Dr. Schrad is a Russian Studies expert and has spent extensive time in Sochi. He is also the author of the new book, Vodka Politics: Autocracy and Alcohol in Russia.

Dr. Schrad says:

Many see the Olympics as a symbolic victory for Russia--bolstering the legitimacy of its leader, Vladimir Putin, as a bona fide world leader who has led his country from the precipice of disaster to the cusp of newfound glory. Yet the games have also shone a light into the instruments of autocratic rule in Russia: documentaries highlight the careless expropriation of private lands, slipshod construction, and embezzlement of billions of dollars in producing the most expensive and most corrupt games in Olympic history. Meanwhile, a series of suicide bombings in Volgograd has ordinary Russians and the international community rightly concerned about security during the games, despite the dedication of some 37,000 security agents--more than twice the forces used in London in 2012. While the Olympic venues and facilities promise to be far more secure than any in recent memory, the multitude of "soft targets" around Sochi, the Black Sea coast, and the entire North Caucasus region remain prone to terrorist attacks.

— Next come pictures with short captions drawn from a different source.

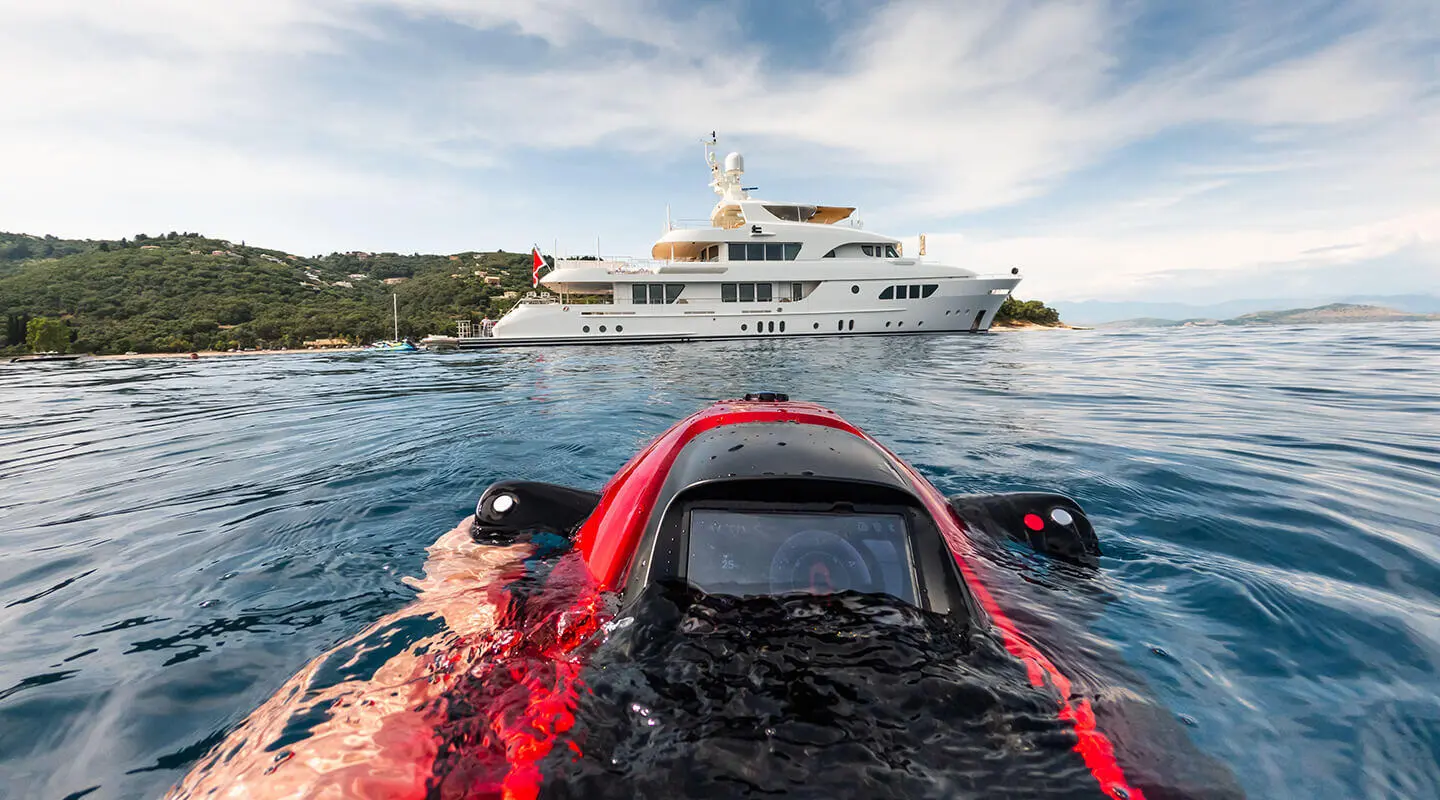 Serenity yacht seen from water with red kayak in foreground and calm sea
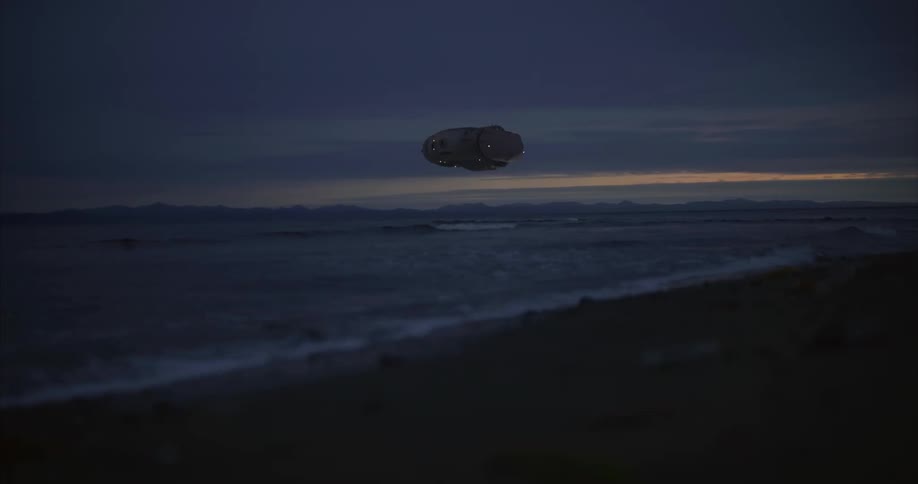 A mysterious cylindrical object with glowing elements hovers low over a body of water at what appears to be dusk or dawn the sky above is dark with hints of light on the horizon and faint outlines of distant land can be seen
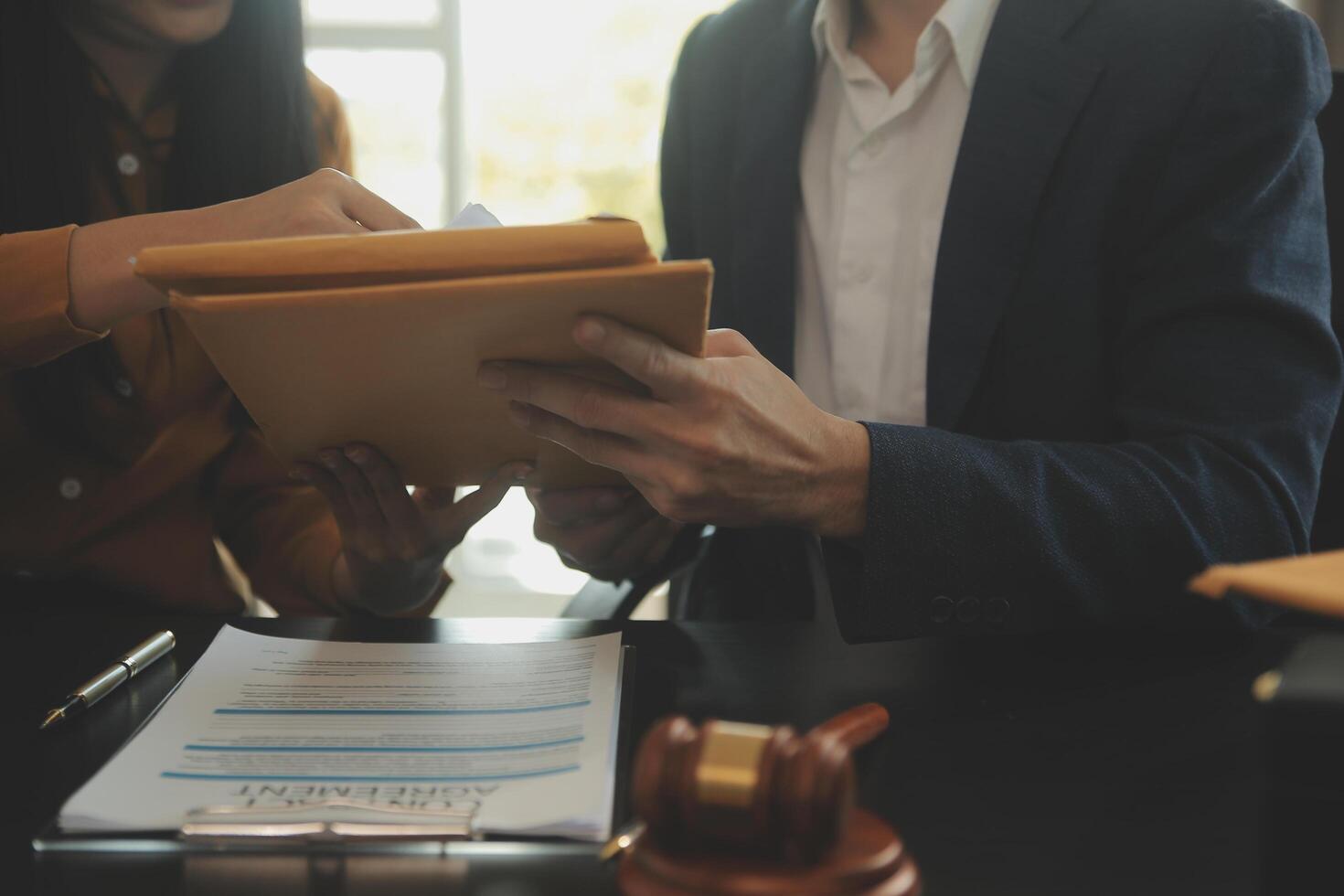 Justice and Law concept. Legal counsel presents to the client a signed contract with gavel and legal law or legal having team meeting at law firm in background photo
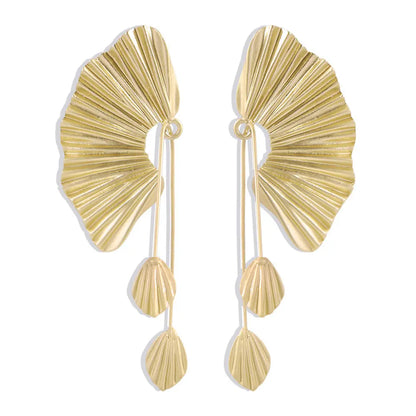 une paire de boucles d'oreilles en or sur un fond blanc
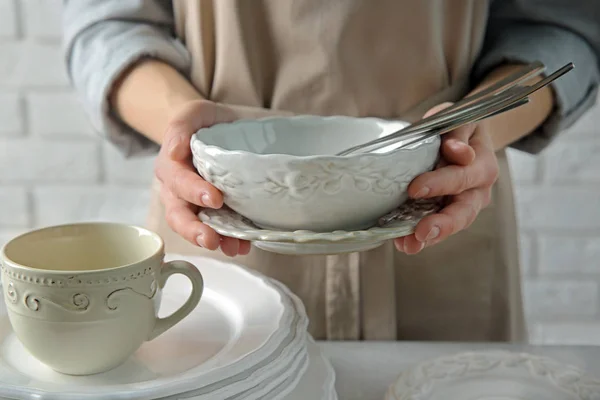 Female hands holding porcelain dishware — Stock Photo, Image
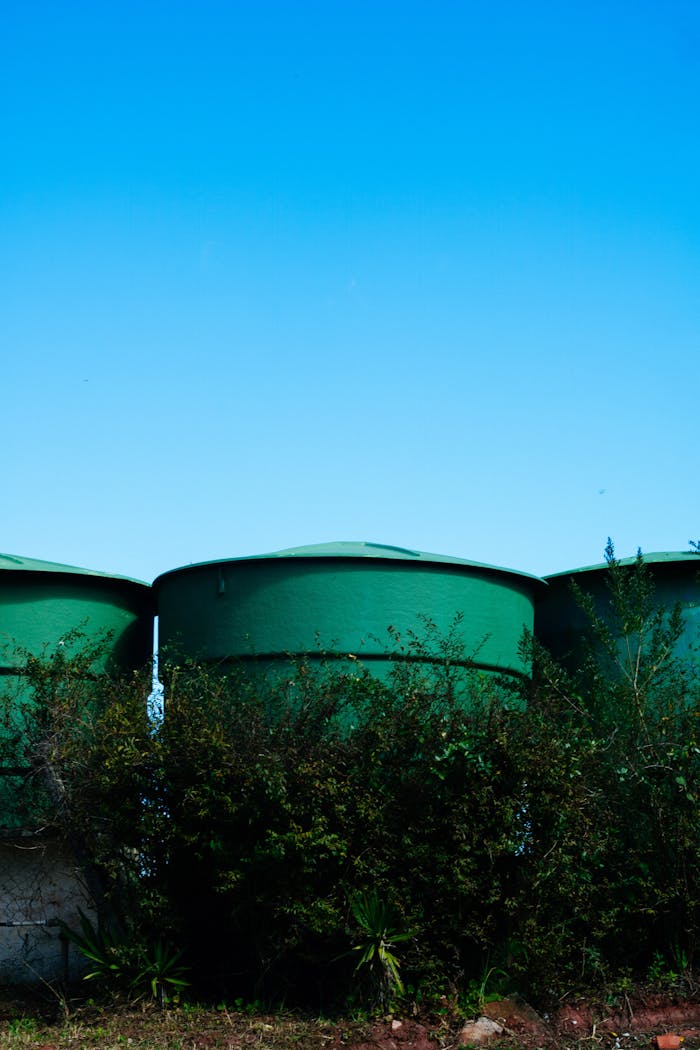 Green cylindrical water tanks in a rural area under a clear blue sky, surrounded by bushes.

Dr. Barrett is one of the country's leading experts on the Central Intelligence Agency and national security, and can speak to what U.S. intelligence agencies should be doing in the lead up to the Sochi Olympics.

Dr. Barrett says:

“More sensitive: surely NSA, with its technology, and CIA, with its people, are interested in evaluating what the Russians are and are not doing effectively to uncover terrorists plans and to foil them. The CIA presumably is carrying out a sharing of intelligence with the Russian government. But intel sharing is always a tricky and politicized matter.”